The first subtle misunderstanding of steps six and seven derives from the language in the steps: they can be read as implying that if we become ready to have our character defects removed and actually ask to have our shortcomings removed, that, they will be, in fact, removed. Now ask yourself, have you ever actually seen anyone who is entirely free of character defects? Of shortcomings? Even after many decades of recovery? If the character defects remain; if the shortcomings persist, what then is actually removed? Anything?
Let’s start by way of an analogy, posed as a series of questions and answers between a recovering alcoholic/addict and a moderator:
M: Are you an alcoholic?
M: Do you drink any alcohol?
RA: No, I am sober in recovery.
M: Do you go to AA?
M: Whom do you see there?
M: Do they drink alcohol?
RA: Those in recovery, in sobriety, the vast majority at any AA meeting do not drink any alcohol at all.
M: Do you consider yourself cured?
RA: No, I’ll always be an alcoholic.
M: Let’s just make sure I got this right- You and other attendees at AA are defined by your relationship with alcohol. You are self-labeled alcoholics. Yet you do not drink any alcohol at all. Isn’t this a paradox?
RA: Yes, I guess it is.
And there you have it: the fundamental core paradox of recovery: alcoholics who do not drink, addicts who do not use. The fundamental character defect, the shortcoming, of alcoholism remains intact and present in all of us who recover and find sobriety. But, we gain the freedom to have the ability NOT TO ACT on this character defect. We do not drink.

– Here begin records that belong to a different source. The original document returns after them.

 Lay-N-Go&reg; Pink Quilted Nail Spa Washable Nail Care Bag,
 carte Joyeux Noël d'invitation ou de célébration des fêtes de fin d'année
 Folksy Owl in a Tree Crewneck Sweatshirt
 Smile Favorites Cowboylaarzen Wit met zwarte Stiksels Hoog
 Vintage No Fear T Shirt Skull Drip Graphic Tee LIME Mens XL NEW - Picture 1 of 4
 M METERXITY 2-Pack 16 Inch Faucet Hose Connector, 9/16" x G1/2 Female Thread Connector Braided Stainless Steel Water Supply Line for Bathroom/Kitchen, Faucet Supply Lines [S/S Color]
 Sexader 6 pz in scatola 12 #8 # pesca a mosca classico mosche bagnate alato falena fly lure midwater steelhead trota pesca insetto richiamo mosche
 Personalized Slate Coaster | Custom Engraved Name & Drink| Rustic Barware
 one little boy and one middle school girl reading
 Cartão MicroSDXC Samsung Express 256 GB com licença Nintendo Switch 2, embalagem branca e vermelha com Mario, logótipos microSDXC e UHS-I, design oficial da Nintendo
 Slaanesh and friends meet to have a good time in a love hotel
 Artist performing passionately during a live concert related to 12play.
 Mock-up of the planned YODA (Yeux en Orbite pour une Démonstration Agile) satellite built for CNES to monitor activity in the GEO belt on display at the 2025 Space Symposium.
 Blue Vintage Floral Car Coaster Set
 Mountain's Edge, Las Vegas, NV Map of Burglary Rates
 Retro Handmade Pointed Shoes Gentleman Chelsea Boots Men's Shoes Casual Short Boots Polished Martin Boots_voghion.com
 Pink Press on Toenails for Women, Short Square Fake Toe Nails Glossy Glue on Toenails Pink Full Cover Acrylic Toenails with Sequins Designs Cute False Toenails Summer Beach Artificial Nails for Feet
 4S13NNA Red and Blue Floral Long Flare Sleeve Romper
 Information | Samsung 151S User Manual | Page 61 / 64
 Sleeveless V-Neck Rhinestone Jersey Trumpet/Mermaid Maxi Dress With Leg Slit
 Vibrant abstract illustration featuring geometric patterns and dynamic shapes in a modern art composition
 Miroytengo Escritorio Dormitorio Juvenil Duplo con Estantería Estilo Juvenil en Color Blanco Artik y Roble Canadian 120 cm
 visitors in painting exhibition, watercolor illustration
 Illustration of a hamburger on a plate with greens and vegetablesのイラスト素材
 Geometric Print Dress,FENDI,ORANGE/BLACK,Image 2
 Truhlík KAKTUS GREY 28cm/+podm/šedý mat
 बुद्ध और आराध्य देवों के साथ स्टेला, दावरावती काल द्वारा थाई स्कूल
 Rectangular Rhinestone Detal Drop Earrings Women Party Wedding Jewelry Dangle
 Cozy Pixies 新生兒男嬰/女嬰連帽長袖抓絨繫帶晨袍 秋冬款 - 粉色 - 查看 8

Once we realize the power of this paradox, that we can retain the character defect but lose the compulsion to act on it we have an epiphany. If we can be alcoholics who do not drink and addicts who do not use, if we can achieve this fundamental paradoxical state of being, we can do the very same for any other character defect we possess. We can become thieves who do not steal, liars who tell the truth, cowards who are brave, insecure people who have self-confidence, etc. Many of these aspects are alluded to in AA’s 12 promises.
The only character defect we are asked to resolve entirely is our drinking and/or using. Resolution of all the other character defects is a matter of degree. After all, our watchword is progress not perfection. Using the first three steps to understand our identity, the next two steps to explore “the exact nature of our wrongs,” we can then begin to make as much progress as we desire, as slowly or rapidly as we like, to put our other various character defects and shortcomings into remission, to no longer be compelled to act on them, just as we did with our drinking and our using. Recovery is an ongoing adventure. It lasts as long as we do!
There is no limit to the progress we can make in recovery. It’s entirely up to us. Don’t sell yourself short. There’s a lot more to recovery than freedom from active use or drinking. Go for all the recovery you can!